> WORK TO BE COMPLETED
If a line comes after the one containing "Snapshot of nxrthman", leave it out; copy every line before it, and that line too, exactly as written, starting from the first line of the entries.

### RECORDS SHOWN ###

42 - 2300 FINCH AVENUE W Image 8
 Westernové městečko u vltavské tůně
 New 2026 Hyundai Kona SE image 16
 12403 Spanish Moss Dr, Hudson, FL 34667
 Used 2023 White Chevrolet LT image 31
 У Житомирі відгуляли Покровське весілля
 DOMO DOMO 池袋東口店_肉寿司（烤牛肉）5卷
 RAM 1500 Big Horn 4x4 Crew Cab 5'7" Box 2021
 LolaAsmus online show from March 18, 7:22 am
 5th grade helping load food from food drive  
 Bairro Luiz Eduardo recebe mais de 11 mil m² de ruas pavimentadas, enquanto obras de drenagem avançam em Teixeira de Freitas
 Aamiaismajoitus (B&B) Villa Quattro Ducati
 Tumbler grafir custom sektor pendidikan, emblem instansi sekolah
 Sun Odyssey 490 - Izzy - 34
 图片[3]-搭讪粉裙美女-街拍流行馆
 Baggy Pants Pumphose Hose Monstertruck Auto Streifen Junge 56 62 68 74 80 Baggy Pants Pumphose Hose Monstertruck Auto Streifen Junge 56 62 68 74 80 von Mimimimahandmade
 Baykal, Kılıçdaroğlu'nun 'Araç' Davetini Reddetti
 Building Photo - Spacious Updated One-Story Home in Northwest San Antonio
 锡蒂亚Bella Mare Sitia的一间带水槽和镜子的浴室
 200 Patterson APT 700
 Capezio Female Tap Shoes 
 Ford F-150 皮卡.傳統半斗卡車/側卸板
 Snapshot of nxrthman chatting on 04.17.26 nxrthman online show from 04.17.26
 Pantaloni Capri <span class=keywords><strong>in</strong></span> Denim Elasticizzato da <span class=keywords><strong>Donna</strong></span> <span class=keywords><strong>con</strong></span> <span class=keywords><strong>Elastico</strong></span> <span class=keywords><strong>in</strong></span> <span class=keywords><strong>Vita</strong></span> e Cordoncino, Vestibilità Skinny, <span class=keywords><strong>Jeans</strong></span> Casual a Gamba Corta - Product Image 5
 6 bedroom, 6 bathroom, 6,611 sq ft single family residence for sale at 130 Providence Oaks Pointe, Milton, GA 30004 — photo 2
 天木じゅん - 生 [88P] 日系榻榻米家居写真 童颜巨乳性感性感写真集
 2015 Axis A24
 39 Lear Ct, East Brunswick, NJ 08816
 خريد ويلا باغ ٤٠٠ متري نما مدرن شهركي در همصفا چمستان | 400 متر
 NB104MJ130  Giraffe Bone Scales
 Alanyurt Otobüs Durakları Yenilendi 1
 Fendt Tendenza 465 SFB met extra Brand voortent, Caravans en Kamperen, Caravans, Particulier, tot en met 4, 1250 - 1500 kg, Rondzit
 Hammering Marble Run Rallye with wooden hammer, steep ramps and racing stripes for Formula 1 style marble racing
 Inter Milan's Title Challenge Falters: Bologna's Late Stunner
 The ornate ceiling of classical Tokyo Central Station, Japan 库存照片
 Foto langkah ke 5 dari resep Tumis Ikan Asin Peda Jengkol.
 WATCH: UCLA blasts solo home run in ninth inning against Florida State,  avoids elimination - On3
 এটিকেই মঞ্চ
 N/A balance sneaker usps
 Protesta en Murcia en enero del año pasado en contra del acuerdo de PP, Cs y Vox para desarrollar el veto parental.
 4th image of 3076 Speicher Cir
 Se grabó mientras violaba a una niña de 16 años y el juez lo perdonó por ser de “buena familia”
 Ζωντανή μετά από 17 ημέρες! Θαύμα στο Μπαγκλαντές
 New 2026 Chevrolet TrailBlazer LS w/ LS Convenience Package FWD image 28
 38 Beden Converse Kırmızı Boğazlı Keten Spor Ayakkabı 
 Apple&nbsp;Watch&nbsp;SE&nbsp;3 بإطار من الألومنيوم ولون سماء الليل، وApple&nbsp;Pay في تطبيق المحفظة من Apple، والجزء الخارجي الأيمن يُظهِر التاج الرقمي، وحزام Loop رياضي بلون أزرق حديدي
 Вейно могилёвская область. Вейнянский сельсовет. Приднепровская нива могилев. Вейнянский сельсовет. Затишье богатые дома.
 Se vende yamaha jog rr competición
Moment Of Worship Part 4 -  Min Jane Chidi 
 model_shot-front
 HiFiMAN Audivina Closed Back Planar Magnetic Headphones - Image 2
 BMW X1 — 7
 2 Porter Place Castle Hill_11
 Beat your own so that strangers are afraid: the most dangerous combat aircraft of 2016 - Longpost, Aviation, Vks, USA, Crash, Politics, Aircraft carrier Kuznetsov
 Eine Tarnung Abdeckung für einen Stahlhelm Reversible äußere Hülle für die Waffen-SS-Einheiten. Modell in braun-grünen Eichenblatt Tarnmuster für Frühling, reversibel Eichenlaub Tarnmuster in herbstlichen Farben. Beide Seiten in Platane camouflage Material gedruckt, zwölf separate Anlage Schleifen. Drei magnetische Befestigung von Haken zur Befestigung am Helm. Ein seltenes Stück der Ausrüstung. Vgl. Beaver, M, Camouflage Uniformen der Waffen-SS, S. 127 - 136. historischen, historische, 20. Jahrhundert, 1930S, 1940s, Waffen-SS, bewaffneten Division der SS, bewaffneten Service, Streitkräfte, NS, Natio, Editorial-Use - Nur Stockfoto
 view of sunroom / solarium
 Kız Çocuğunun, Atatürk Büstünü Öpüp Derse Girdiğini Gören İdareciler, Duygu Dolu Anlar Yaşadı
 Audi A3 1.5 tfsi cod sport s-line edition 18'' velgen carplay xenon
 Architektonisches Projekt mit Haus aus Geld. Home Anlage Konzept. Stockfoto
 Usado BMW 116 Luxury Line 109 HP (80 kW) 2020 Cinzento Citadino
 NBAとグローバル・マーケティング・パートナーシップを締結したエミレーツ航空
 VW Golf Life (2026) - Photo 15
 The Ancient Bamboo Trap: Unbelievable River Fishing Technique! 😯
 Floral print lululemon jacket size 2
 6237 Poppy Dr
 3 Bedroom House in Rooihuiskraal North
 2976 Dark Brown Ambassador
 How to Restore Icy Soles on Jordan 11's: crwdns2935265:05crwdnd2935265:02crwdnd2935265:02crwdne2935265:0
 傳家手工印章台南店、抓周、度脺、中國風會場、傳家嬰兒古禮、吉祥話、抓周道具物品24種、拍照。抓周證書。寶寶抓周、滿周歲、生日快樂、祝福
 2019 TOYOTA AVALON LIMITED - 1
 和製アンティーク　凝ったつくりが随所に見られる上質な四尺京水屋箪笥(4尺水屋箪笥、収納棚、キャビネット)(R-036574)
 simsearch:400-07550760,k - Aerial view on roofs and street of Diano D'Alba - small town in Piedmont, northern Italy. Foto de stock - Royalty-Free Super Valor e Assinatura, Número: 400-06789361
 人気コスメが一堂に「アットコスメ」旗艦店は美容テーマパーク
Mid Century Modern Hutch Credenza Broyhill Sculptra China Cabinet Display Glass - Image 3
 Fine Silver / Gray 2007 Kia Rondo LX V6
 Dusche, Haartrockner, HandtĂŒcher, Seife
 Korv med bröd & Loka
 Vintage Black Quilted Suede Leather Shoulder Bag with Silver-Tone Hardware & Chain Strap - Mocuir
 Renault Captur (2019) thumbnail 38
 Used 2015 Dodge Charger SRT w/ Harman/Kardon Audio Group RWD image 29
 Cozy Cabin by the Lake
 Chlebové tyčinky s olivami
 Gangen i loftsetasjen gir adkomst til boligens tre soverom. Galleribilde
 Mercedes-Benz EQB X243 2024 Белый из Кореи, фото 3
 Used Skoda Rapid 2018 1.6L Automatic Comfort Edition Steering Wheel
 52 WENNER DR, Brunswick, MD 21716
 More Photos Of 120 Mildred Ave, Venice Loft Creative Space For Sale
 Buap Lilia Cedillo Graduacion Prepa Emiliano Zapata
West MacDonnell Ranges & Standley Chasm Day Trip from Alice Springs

###

> SOLUTION
42 - 2300 FINCH AVENUE W Image 8
 Westernové městečko u vltavské tůně
 New 2026 Hyundai Kona SE image 16
 12403 Spanish Moss Dr, Hudson, FL 34667
 Used 2023 White Chevrolet LT image 31
 У Житомирі відгуляли Покровське весілля
 DOMO DOMO 池袋東口店_肉寿司（烤牛肉）5卷
 RAM 1500 Big Horn 4x4 Crew Cab 5'7" Box 2021
 LolaAsmus online show from March 18, 7:22 am
 5th grade helping load food from food drive  
 Bairro Luiz Eduardo recebe mais de 11 mil m² de ruas pavimentadas, enquanto obras de drenagem avançam em Teixeira de Freitas
 Aamiaismajoitus (B&B) Villa Quattro Ducati
 Tumbler grafir custom sektor pendidikan, emblem instansi sekolah
 Sun Odyssey 490 - Izzy - 34
 图片[3]-搭讪粉裙美女-街拍流行馆
 Baggy Pants Pumphose Hose Monstertruck Auto Streifen Junge 56 62 68 74 80 Baggy Pants Pumphose Hose Monstertruck Auto Streifen Junge 56 62 68 74 80 von Mimimimahandmade
 Baykal, Kılıçdaroğlu'nun 'Araç' Davetini Reddetti
 Building Photo - Spacious Updated One-Story Home in Northwest San Antonio
 锡蒂亚Bella Mare Sitia的一间带水槽和镜子的浴室
 200 Patterson APT 700
 Capezio Female Tap Shoes 
 Ford F-150 皮卡.傳統半斗卡車/側卸板
 Snapshot of nxrthman chatting on 04.17.26 nxrthman online show from 04.17.26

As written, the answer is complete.